大晦日の夕方、裕美は、湯気の立つ鍋からそばをすくい上げながら、時計が7時に近いことを確かめた。仕事納めも大掃除も終わり、部屋は整っている。

「よし、完璧」

ちょうどインターホンが鳴った。

エプロンで手を拭いて玄関へ向かい、ドアを開けると、鈴木さんが立っていた。マフラーを巻き、片手に紙袋、もう片方の手には小さな杖。顔色は前よりよくなっているが、動きはまだ慎重だ。

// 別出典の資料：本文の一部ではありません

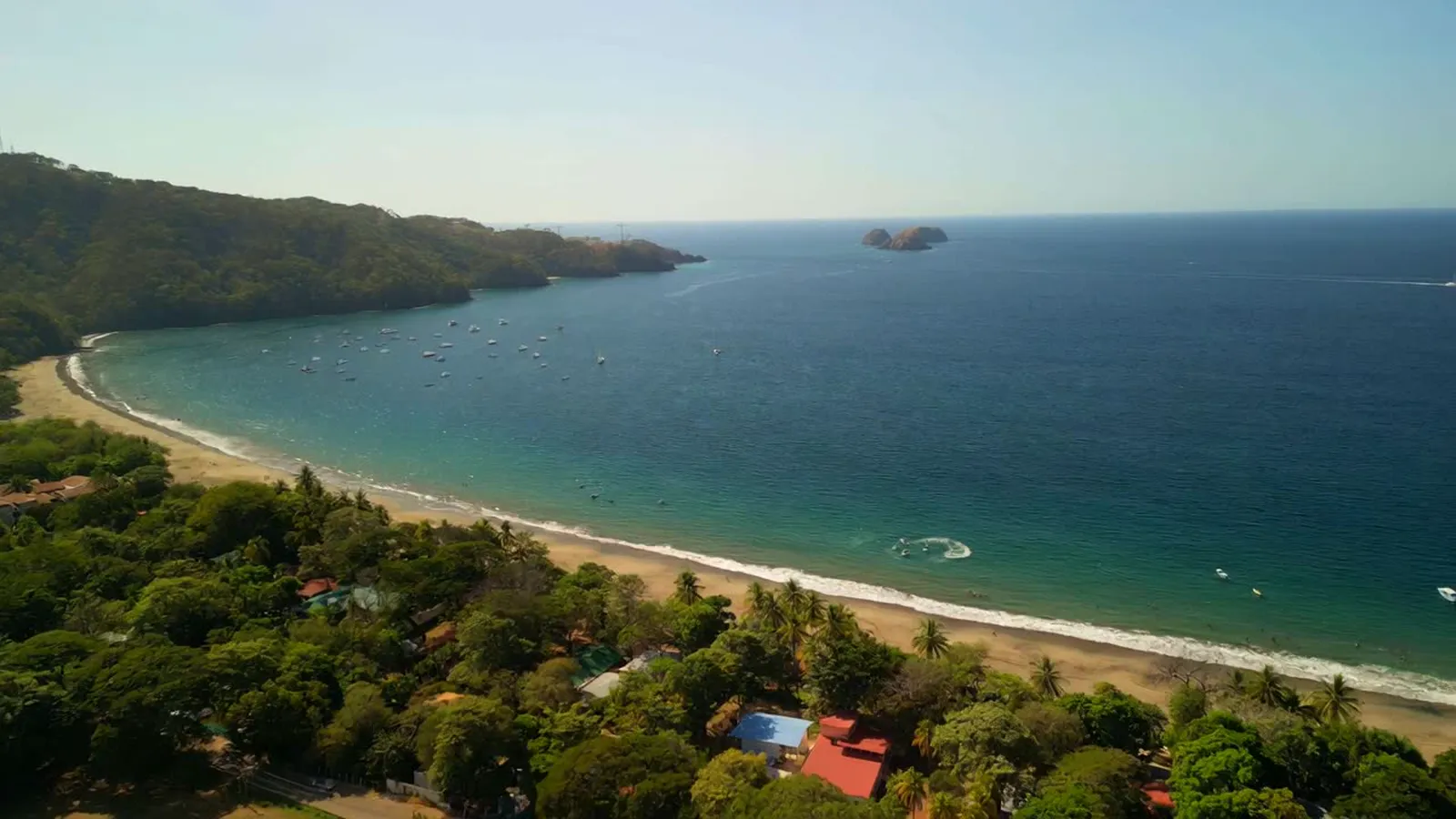 Aerial view of Playa Hermosa, with the beach, the bay and rooftops in the trees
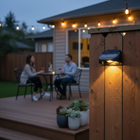Solar fence lights illuminating a modern patio alongside decorative string lights at dusk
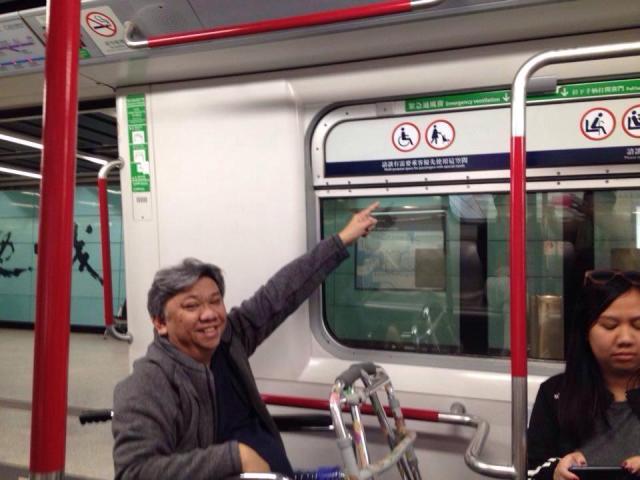 Papa conveniently commuting using the HK MTR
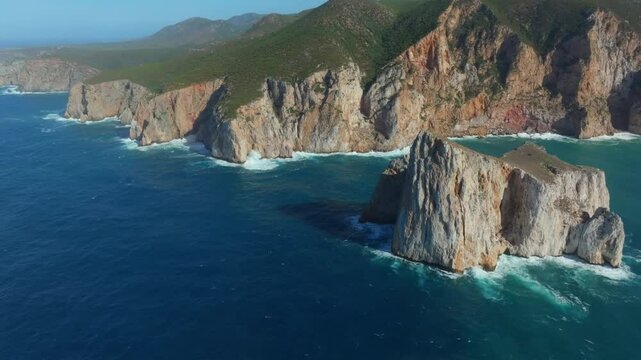 Aerial pull outfootage of Pan di Zucchero, the iconic sea stack near Masua, Sardinia. Towering limestone cliffs rise from deep blue waters, backed by green hills under clear Mediterranean skies.
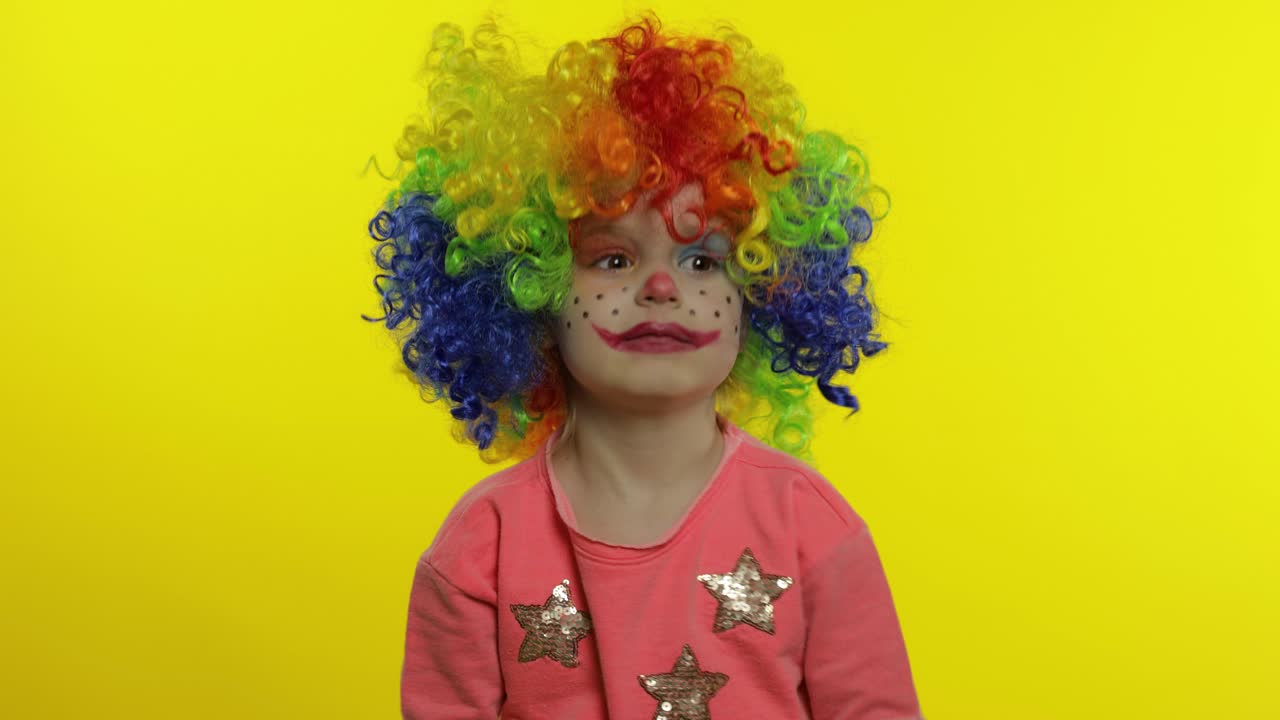 una pequeña niña payasa con una peluca colorida agitando las manos, divirtiéndose, sonriendo. halloween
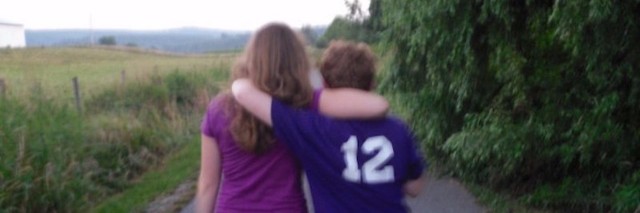sarah schuster walks down a road with her arm around her brother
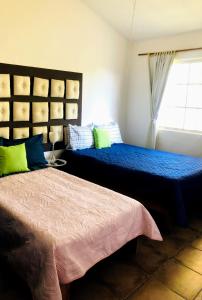 新巴利亚塔Casa Angeles的一间卧室设有两张床和窗户。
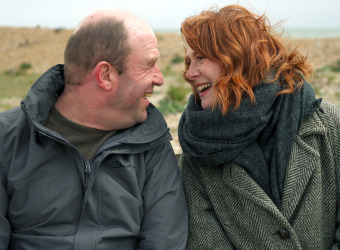 Ruby and her brother Paul smiling at each other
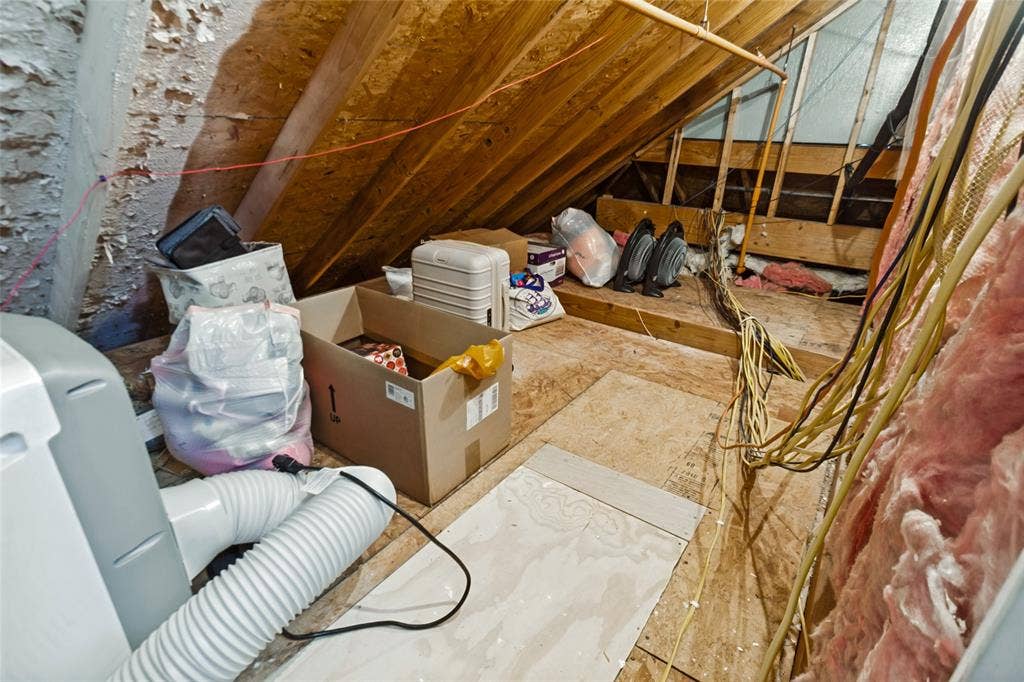 6816 Livorno Lane, Frisco, TX 75034 Walk out attic storage space through secondary bedroom closet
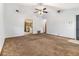 Spacious living room offers seamless flow to the kitchen, features neutral carpeting, and a welcoming ambiance at 285 Independence Dr, Jonesboro, GA 30238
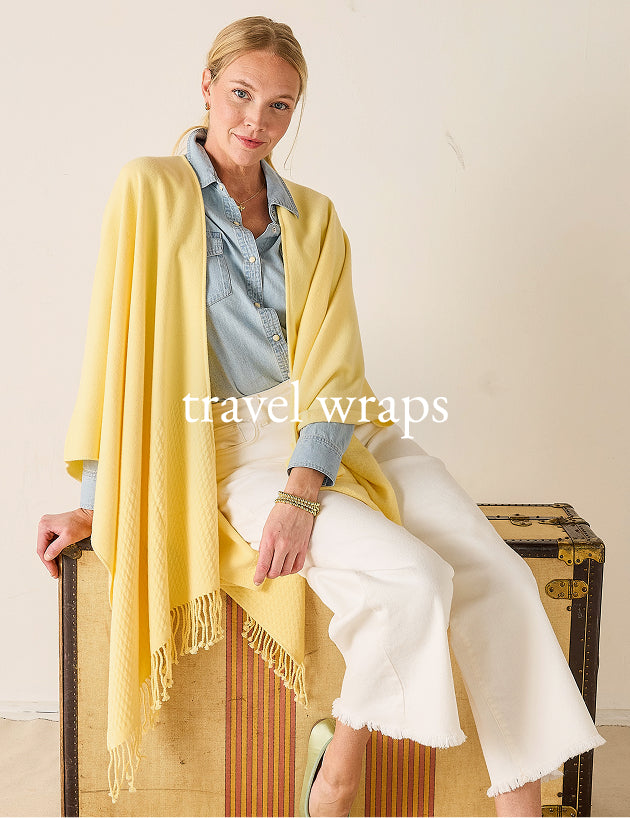 Woman wearing a yellow travel wrap sitting on a wooden bench with a suitcase.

「突然ごめんなさいね。天ぷら、揚げすぎちゃって。1人じゃ食べきれないから、よかったら……」

紙袋を覗くと、透明の容器の中に海老やかき揚げがきれいに並んでいる。油とだしの匂いが、ふわりと立ちのぼった。

「わあ……おいしそうです。よかったら、うちのそばと一緒にいかがですか? ちょうど今、茹でていたところで」

鈴木さんは目を丸くし、それから小さく笑った。

「そんなつもりじゃなかったんだけど……お邪魔しようかしら」

リビングのテーブルに、2人分のどんぶりと、皿に盛った天ぷらを並べる。テレビでは紅白の音楽が流れているが、ボリュームは小さい。

「ご家族とは、一緒に過ごされないんですか」

湯気の向こうから、裕美がたずねると、鈴木さんは首を横に振った。

「子どもはいないのよ。夫もね、だいぶ前に先立たれて。だから、ずっと1人。裕美ちゃんは?」

「私も、1人です。実家は地方なんですけど、帰ると仕事の調整がややこしくて。結局、毎年こんな感じで」

そう言いながら、裕美は自分のどんぶりを見下ろした。そばの上で、刻みねぎと湯気が揺れている。

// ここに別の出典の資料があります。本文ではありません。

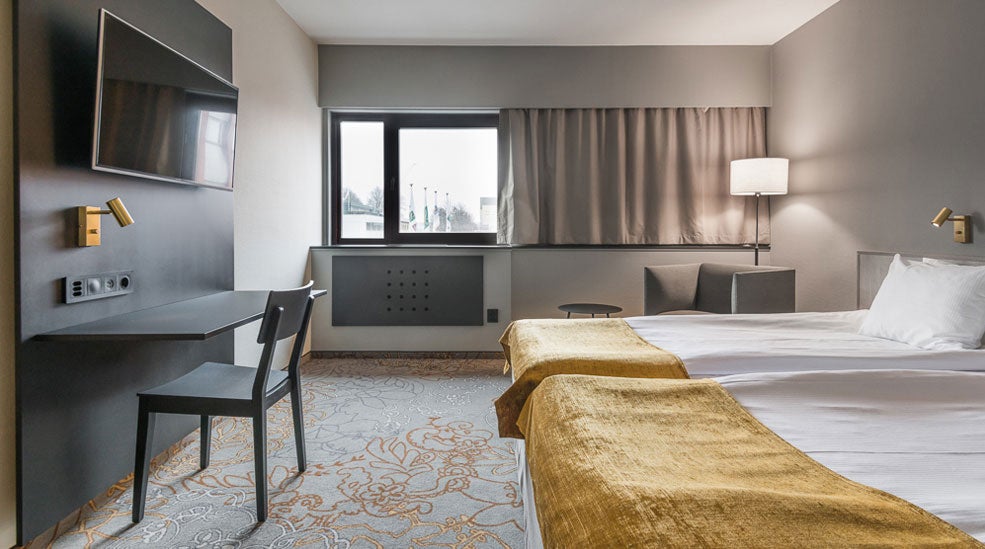 Tv, skrivbord och stol, fönster och säng i Superior dubbelrum på Quality Hotel Royal Corner
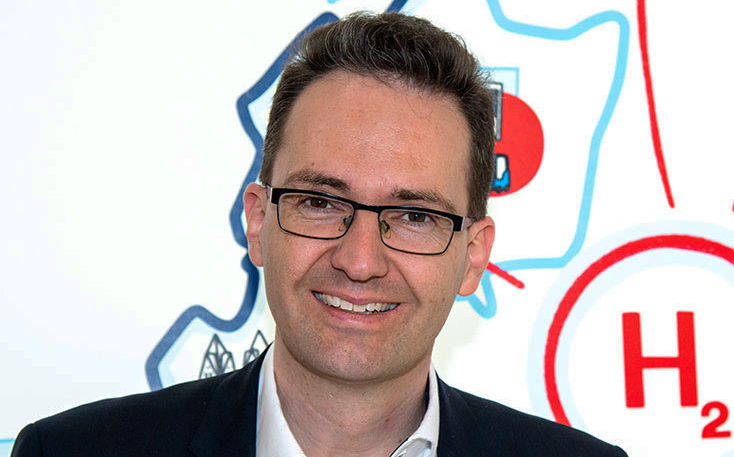 Porträt eines Mannes mit Brille, der lächelt, vor einer bunten, schematischen Hintergrundgrafik.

箸を動かしながら、他愛もない話が続いた。仕事のことや最近見た番組、このあたりのスーパーの安売り情報。特別に盛り上がるわけではないが、沈黙もそれほど気にならない。

やがて、遠くから除夜の鐘の音が届き始めた。テレビの画面では、カウントダウンのテロップが点滅している。

「108つも、ようつくわねえ」

鈴木さんが笑いながら言う。

「人の煩悩、多いですよね」

裕美も笑い返しながら、頭の中で仕事とお金と精神の健康を並べてみる。新しい年を告げる数字が画面に現れたとき、2人はほぼ同時にどんぶりを置いた。

「昨年は、お世話になりました」

裕美が言うと、鈴木さんは首を振った。

「こちらこそ。助けてもらったのは、私だもの。今年は……もう少し、心に余裕を持つ練習をするわ」

「ふふ、じゃあ私は、もう少し、人に頼る練習をします」

裕美がそう言って笑うと、湯気の向こうで鈴木さんもわずかに口元をほころばせた。テレビの画面には新しい年のテロップが流れ、窓の外では遠くの除夜の鐘がまだ鳴り続けている。片づいたリビングのまんなかで、2つのどんぶりから立ちのぼる白い湯気だけが、ゆっくりと天井へ昇っていった。

※複数の事例から着想を得たフィクションです。実在の人物や団体などとは関係ありません。